= Walter Deubener =

American grocer (1887–1980)

Walter H. Deubener (1887–1980) was a grocer from St. Paul, Minnesota who in 1912 invented the handled paper grocery bag. Following his death, his estate became Camp Courage North. The annual Deubener Award, given out to small businesses by the St. Paul Area Chamber of Commerce, is named after him.

==Life==

In the early 1900s, Walter Deubener and his wife, Lydia, owned and operated the S. S. Kresge grocery store on Seventh Street in downtown St. Paul. After noticing that his customers were having a difficult time carrying their groceries by hand, Deubener began experimenting with ways to get around the problem. He noticed that the customers were limited in the amount that they could buy because there was no easy way to carry large purchases. After a few months of experimentation, Deubener awoke in the middle of the night with an idea. He wrote himself a note to punch holes in the bag and use string running under the bag. He created the first shopping bag by starting with an ordinary paper sack, punched holes near the top and bottom, then reinforcing the bottom with string and running the string through holes in the side of the bag and over the top to create handles. He and his wife Lydia made several bags the first morning and ran to their store to test them. They discovered that they could put over 20 pounds of canned goods in the bags and easily carry this. They made 50 bags that first day and offered them to their customers for $.05 each. The bags sold out before noon that day. Mr Deubener went across the street to his bank and had the initial invention samples and write up notarized so he could protect his future patent. Mrs Deubener fancied up the first bags by cutting pictures out of magazines and pasting them on the bags. Eventually, the couple patented the bag (Patent number: 1713747, Filing date: Aug 18, 1927, Issue date: May 21, 1929), sold their store and went into the shopping bag business full-time.

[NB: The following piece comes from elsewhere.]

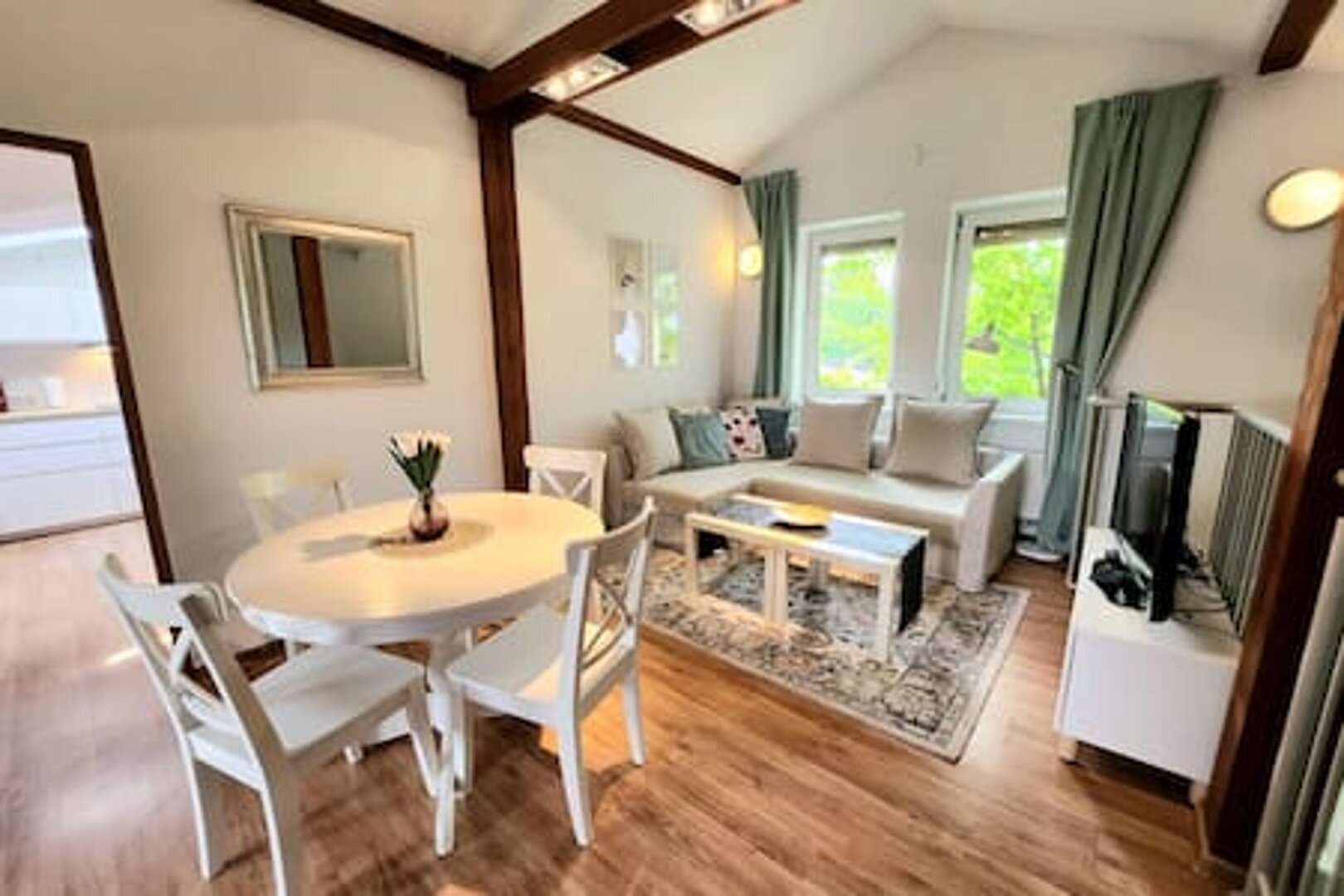 Cozy Apartament Country 6persons close to airport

Walter and Lydia Deubener used their summer lake estate to entertain guests, such as the owners and buyers from his large accounts like Kresge, his friends from the Saint Paul Athletic Club, and prominent Saint Paul business people like bankers, investors and the Twin City elite of the day. The Deubeners invited everyone to visit the well-flowered estate that was also a major bird sanctuary. All of the local people from Lake George and the local resorts were invited to the Deubener home every night during the summer months. The Deubeners had a huge volleyball court and badminton courts for their guests. Each night, a bonfire was started and Edwin the handyman would cook hot dogs and hamburgers and cut watermelons that had been on ice all day for the guests. There was always candy also that Mr Deubener would pick up from the candy wholesaler in Bemidji.

The Deubeners would not allow any smoking on their property. Mr Deubener was also vehemently against drinking of alcohol. All around the property were signs reading "no stinkweed, no firewater". The property was loaded with birdhouses and many bird feeders. Mr. Deubener was known to take long daily walks through the woods on his extensive property.

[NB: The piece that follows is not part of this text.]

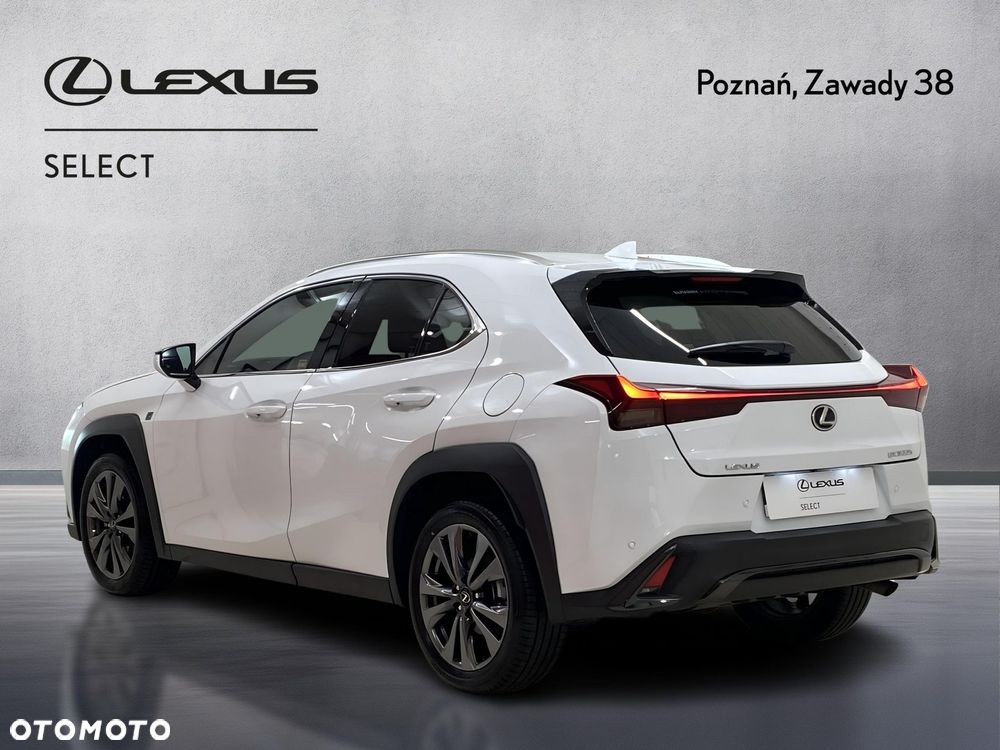 Lexus UX 300h F Sport Design - 9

Deubener died on March 29, 1980.

==Legacy==

Walter Deubener died in 1980 at the age of 93. His legacy includes the Deubener-Juenemann Foundation and the Walter and Lydia Deubener Awards, which are given annually by the St. Paul Area Chamber of Commerce in recognition of business innovation. A contributor to many charities, Deubener donated his beautiful summer home and the adjacent guest cabins and library and surrounding property near Lake George as the site for Courage North, a facility for the hearing-impaired and teens and adults with other general disabilities that is operated by Courage Center of Golden Valley. The Deubeners donated the property along with a substantial endowment to allow continued operation. Walter and Lydia Deubener had no children and wanted Camp Courage to be use by the children they never could have. The Deubeners also left a substantial donation to the Boy Scouts of America.